As man is soul and body, so Orthodox worship requires the homage of both. An Old Testament ideal, of course: “That you may worship the Lord our God by everything that you do” (Jos. 4:24*). Says St Isaac the Syrian: “Every prayer in which the body does not participate and by which the heart is not affected is to be reckoned as an abortion without a soul”. So in Orthodox worship we bow with our will and with our body as well, that is we make prostrations to the ground. Another feature is the sign of the cross. Just as the Name of Jesus is made by a movement of the tongue, so the sign of the cross is made by a movement of hand and arm.
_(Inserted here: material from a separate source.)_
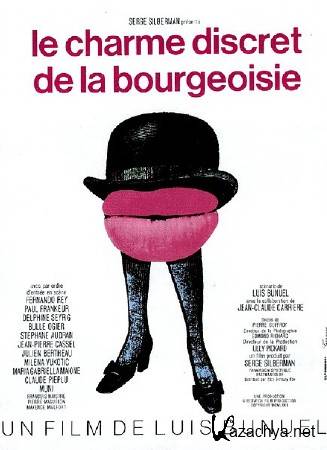    / Le Charme discret de la bourgeoisie (1972) DVDRip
The cross is the sign of faith, hope and love; it is the Christian sign, which God wants us never to forget so He puts it everywhere. Every tree, every telegraph pole is a cross. What a book is to a literate person, a picture is to an illiterate. It brings him understanding.
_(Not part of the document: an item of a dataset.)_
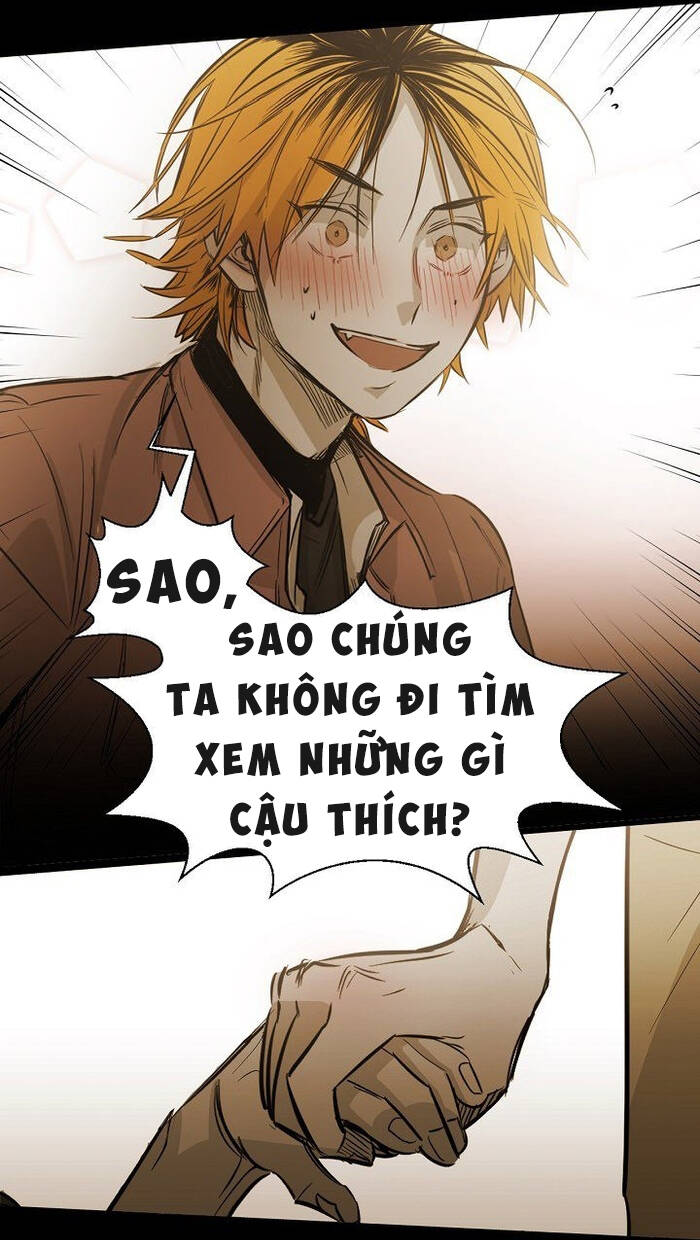 Không Bao Giờ Hiểu Chapter 87 - Trang 2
And we believe in the Communion of the Saints, because there is now no death and all are alive in God. We ask the Saints to pray for us, and we pray for those who are not yet saints. Do you ever ask anyone to help you do anything? Well, when you make any request of a friend, you may as truly through him pray to God as in formal worship (Mt. 25: 24-44). It is the will of God to give us help and life through His creatures.
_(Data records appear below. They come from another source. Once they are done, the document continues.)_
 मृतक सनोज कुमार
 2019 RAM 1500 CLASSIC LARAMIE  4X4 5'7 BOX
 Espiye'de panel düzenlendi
One of the most popular of Russian Saints is St. Seraphim (1760-1833). He was canonized only in 1903. He had a wonderful conversation with a layman in winter with the snow on the ground. He told him the aim of the Christian life is the acquisition of the Holy Spirit of God. All that we do for Christ’s sake are only so many means for acquiring the Holy Spirit. Then, whilst standing in the forest with the snowflakes still falling, they were both flooded with light so that it was difficult for Motoviloff to look at St. Seraphim. In spite of the cold they were warm, and there was a wonderful heavenly fragrance. What was then revealed is full of deep truth. It is certainly on a level with the revelations made to the holy prophets of old. But as the conversation covers about thirty pages I cannot speak of it more now. Many of the Saints regained something of the power over creatures that Adam had before the Fall. St. Seraphim fed wild bears from his hand, and one even obeyed him — would come and go when he told it. In them “perfect love casts out fear” (1 John 4:18).

I will end with an incident from contemporary life. Not long ago in Soviet Russia, a big meeting or demonstration was staged and crowds of people came together. In the centre was a wooden platform from which Communist speakers spoke of the benefits and advantages of being a Communist, of what a wonderful Super-State world communism would be, and of how all religions were mere superstition, a hindrance to progress, and that Christian faith is a kind of opium that sends people to sleep, so that they live in a false world; and that believers are a danger to an atheist state. After the communists had spoken, believers were invited to speak for five minutes each, to prove the wonderful freedom that they pretend exists in the Soviet Paradise. One simple man came forward, a village priest. As he mounted the platform he was warned, “Mind, not more than five minutes!” To which he replied, “I won’t need as much as that”. Now, it is the custom in the Orthodox Church at Easter time for the priests at certain points in the church services to greet the congregation in a loud voice with the words, “Christ is risen!” to which the people reply, “He is risen indeed”. This simple priest simply went to one edge of the platform and in a loud voice said, “Christ is risen!” The response came from the crowd as one man like a clap of thunder, “He is risen indeed!” In the four directions of the compass the priest repeated his message, his Gospel, his greeting, and the same response was repeated like a lion’s roar each time. Then he stepped down from the platform. There wasn’t a shadow of doubt who won the day, or on whose side the crowds were. And the Communists quickly closed the meeting. That is the state of affairs in darkest Russia today, the modern slave-state. It only goes to prove that wherever men have true faith in the Risen and Crucified Christ, He continues to work His miracles and to manifest His victorious power and glory that triumphs over all obstacles.

 

* Orthodox version of the Bible [i.e., of the Old Testament] (Septuagint).